### Exercise requirements
Nothing but the lines from the one containing "Plantas industriales con" to the end of the data should be returned, each exactly as written.

### Information given
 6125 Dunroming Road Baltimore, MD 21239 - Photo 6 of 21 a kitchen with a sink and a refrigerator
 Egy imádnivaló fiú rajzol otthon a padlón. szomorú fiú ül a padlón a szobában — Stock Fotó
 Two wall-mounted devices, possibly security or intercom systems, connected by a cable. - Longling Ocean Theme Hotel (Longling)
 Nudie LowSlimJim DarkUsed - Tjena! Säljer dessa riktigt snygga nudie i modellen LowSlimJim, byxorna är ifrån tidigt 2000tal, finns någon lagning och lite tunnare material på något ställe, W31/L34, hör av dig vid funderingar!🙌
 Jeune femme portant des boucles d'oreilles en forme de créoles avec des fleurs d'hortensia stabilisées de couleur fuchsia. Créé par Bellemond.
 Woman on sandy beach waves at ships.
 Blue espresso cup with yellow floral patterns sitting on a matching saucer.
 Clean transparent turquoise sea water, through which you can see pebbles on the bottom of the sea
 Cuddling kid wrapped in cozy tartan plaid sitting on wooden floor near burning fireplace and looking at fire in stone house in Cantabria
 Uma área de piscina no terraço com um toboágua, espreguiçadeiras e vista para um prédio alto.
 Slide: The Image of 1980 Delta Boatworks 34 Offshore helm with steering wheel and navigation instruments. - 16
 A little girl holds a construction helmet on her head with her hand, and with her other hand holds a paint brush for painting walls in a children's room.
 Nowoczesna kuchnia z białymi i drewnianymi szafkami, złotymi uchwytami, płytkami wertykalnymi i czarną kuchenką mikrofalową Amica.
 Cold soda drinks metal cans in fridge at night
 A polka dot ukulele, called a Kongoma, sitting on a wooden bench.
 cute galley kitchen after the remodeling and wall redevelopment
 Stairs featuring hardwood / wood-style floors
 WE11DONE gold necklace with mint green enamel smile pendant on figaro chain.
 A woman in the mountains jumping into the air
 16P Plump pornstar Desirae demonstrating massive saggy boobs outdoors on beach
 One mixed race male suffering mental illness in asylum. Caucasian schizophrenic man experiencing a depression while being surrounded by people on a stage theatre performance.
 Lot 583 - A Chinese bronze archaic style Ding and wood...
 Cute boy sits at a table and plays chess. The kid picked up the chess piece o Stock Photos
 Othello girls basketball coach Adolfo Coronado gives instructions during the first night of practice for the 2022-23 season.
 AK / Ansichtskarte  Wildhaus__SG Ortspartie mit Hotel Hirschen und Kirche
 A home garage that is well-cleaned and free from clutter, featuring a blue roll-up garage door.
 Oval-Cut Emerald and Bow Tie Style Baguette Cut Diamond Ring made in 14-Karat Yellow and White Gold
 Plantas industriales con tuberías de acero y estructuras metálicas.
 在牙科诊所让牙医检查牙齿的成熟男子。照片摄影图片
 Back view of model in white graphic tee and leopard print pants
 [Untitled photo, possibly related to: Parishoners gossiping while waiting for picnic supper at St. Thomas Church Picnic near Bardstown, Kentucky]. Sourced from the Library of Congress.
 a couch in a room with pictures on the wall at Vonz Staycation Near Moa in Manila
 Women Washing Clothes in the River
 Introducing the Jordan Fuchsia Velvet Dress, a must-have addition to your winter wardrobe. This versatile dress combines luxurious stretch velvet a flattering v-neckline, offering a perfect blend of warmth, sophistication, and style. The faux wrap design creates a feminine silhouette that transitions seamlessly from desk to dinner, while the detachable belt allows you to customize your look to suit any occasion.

### Answer area
 Plantas industriales con tuberías de acero y estructuras metálicas.
 在牙科诊所让牙医检查牙齿的成熟男子。照片摄影图片
 Back view of model in white graphic tee and leopard print pants
 [Untitled photo, possibly related to: Parishoners gossiping while waiting for picnic supper at St. Thomas Church Picnic near Bardstown, Kentucky]. Sourced from the Library of Congress.
 a couch in a room with pictures on the wall at Vonz Staycation Near Moa in Manila
 Women Washing Clothes in the River
 Introducing the Jordan Fuchsia Velvet Dress, a must-have addition to your winter wardrobe. This versatile dress combines luxurious stretch velvet a flattering v-neckline, offering a perfect blend of warmth, sophistication, and style. The faux wrap design creates a feminine silhouette that transitions seamlessly from desk to dinner, while the detachable belt allows you to customize your look to suit any occasion.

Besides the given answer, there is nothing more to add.